La salvación del país en
bancarrota fue un constante leit-motiv obsesivo para él: amó a
Dulcinea –o sea, a la Patria terrenal idealizada– católicamente, hasta su
muerte. Egregio caudillo de bravos legionarios «cristóbales», los diagnósticos
que escribió en vida sobre las causas de la actual postración argentina son
notables (sensacionales y acaso escandalosos para no pocos dirigentes políticos
ingenuos o inadvertidos que aún lo combaten). Su profunda caridad como la de
San Pablo (Saulo de Tarso), le hizo acuñar –sin romanticismo alguno– esta
certera definición evangélica del patriotismo: «Si los sujetos que
viven en un mismo campo geográfico se odian cordialmente unos a otros, no se
puede decir que allí exista patria; porque “si no amas a tu prójimo, al cual
ves, ¿cómo amarás a la patria a la cual no ves?”. En amor al prójimo se
resuelve prácticamente el amor a la patria; y si no es amor al prójimo, nada es».
El Padre Castellani, por
voluntad inapelable del Altísimo, ha finalizado santamente, sufridamente, su
periplo en este valle de lágrimas que para él fuera nuestra
patria.

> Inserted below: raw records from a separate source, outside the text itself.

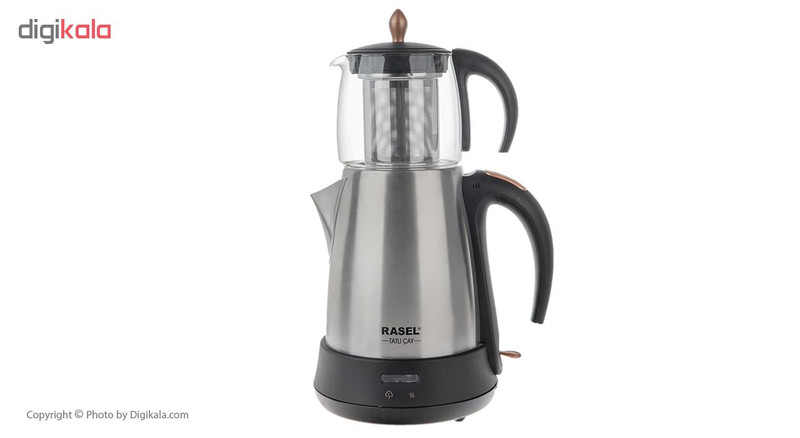 چای ساز راسل مدل R-222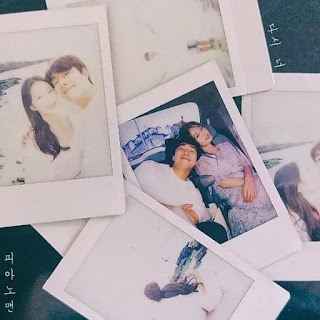  myeot nyeon mane uriga cheomeuro nanun insa Piano Man - It's been a Long Time (다시 너) Lyrics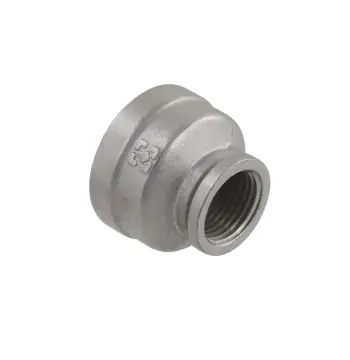 Муфта Raftec PN40 ВВ 1"x1/2" MP0301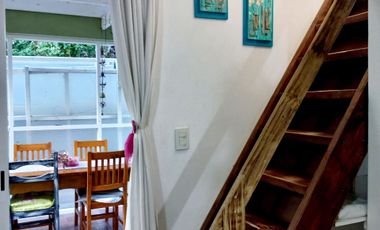 Venta de casa con departamentos en Valeria del Mar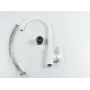 Змішувач для кухні IMPRESE ARIA f03407503AA, білий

Es cierto. Pero como en la épica leyenda del Cid Campeador ganará
todavía –aunque en espíritu e inteligencia– muchas batallas después de muerto
en la larga guerra por la Reconquista de la Argentina, de cuya ardua empresa
Castellani fue, enhorabuena, su principal y quizá más tesonero Adelantado bajo
el conocido seudónimo de Militis Militorum. «Dios juega con trampa –sentenciaba
desde San Juan en el año 1962–; tiene en la manga el As de
Espada, la carta de la Resurrección. Cuando esté más oscuro, sabed que por allí
amanece». Máxima ésta de prosapia claramente lugoniana, según se ve.
Y bien: las puertas del cielo se
abrieron ya para nuestro grande amigo, a los 81 años de edad. Y en la tierra, a
quienes somos sus sobrevivientes discípulos y admiradores que tanto lo
quisimos, nos toca rezar con fervor a la Santísima Virgen María por su
bienaventuranza eterna… hasta la Resurrección de la Carne.
* En «Revista Cabildo», 2ª época, Año V, n° 42, 15 de mayo de 1981.